These Phillies know what it takes to get to baseball’s postseason
It isn’t only the youngest generation of Phillies fans that hasn’t witnessed the playoffs up close. It’s a majority of players on the roster, too.
Andrew McCutchen got drafted in 2005 by a team that hadn’t had a winning season since 1992. The run of futility reached 16 years before he made his major-league debut in 2009. It wasn’t until 2013, when he was crowned National League MVP, that the Pittsburgh Pirates finally broke through after two decades of losing.
You better believe, then, that McCutchen knows all about a playoff drought.
If Phillies fans are starving for the postseason after nine years on the outside, their counterparts from across the state were positively famished on Oct. 1, 2013, when the Pirates hosted the Cincinnati Reds in the NL wild-card game.

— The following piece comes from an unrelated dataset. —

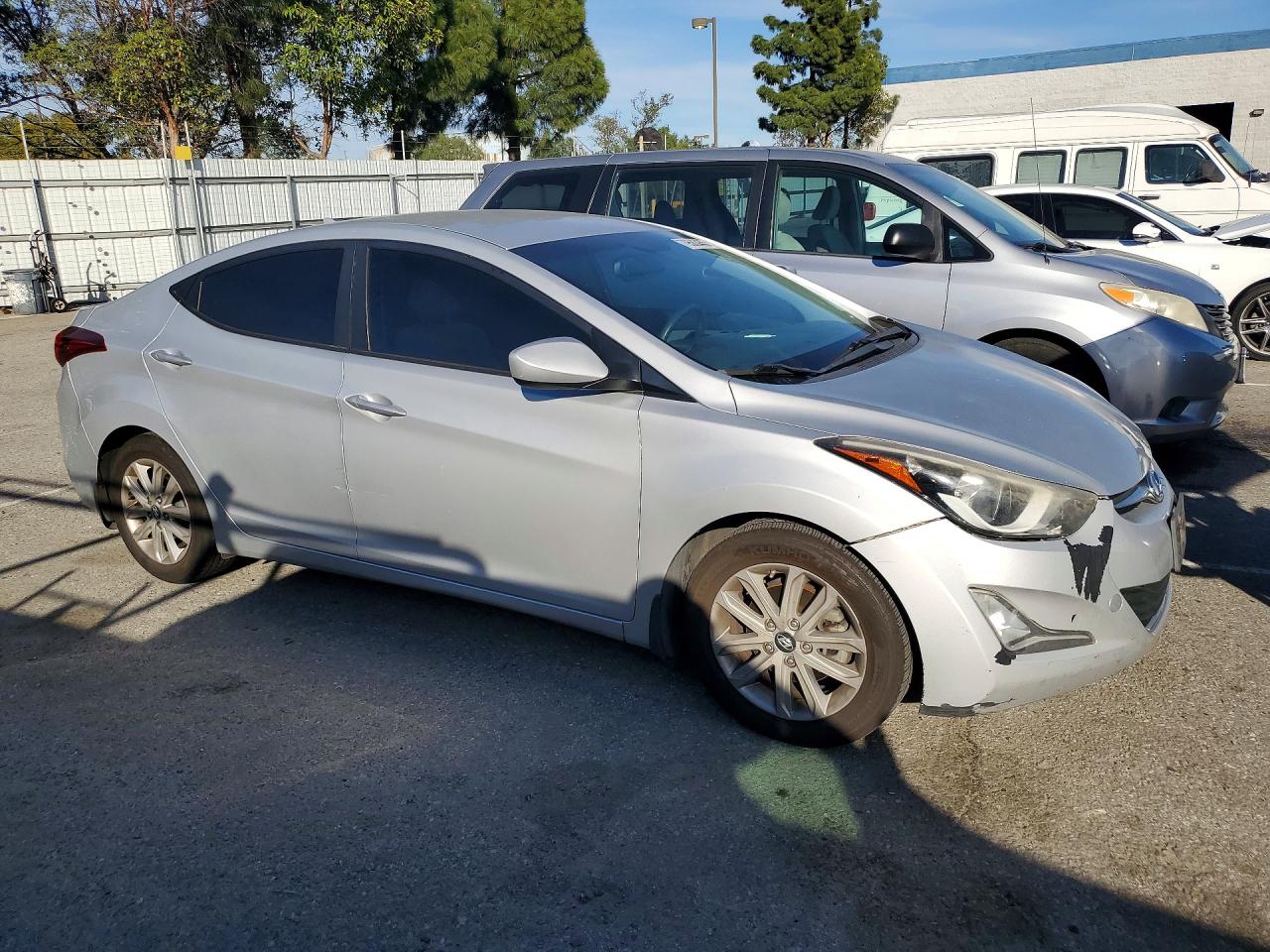2015 HYUNDAI ELANTRA SE photo 4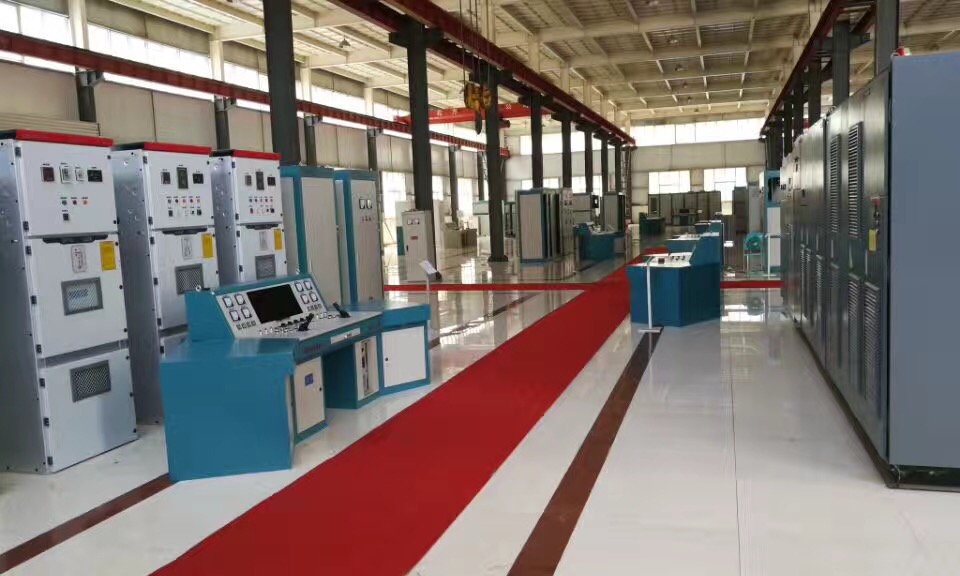 变频器是如何控制电机转速的?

More than 40,000 people — standing-room only, if you can still imagine that in our pandemic world — pulled on their best black T-shirts and jerseys and jammed into PNC Park. They cheered and chanted, roared and rollicked, as though they were releasing all of the enthusiasm pent up inside them since 1992.
“First time I ever experienced a playoff game, and it was amazing,” said McCutchen, whose mother, Petrina, sang the national anthem before he reached base four times in the Pirates’ 6-2 win. “It’s something that I’ll never forget.”
That puts McCutchen in the minority within the Phillies’ clubhouse. Eleven of the 26 players on the opening-day roster have experienced at least one postseason game. Only three (Didi Gregorius, José Alvarado, and utilityman Ronald Torreyes) have advanced to the league championship series. None has played in the World Series.
So, it isn’t only the youngest generation of Phillies fans who haven’t seen the postseason up close. It’s many players, too.
“I’ve never been able to experience any playoff games, and I’ve spent almost nine years in the majors,” second baseman Jean Segura said. “I want to go there. I want to see that crowd, I want to see how it feels when the whole stadium is packed, and play a baseball game like that. I really, really want to go there and see how it feels.”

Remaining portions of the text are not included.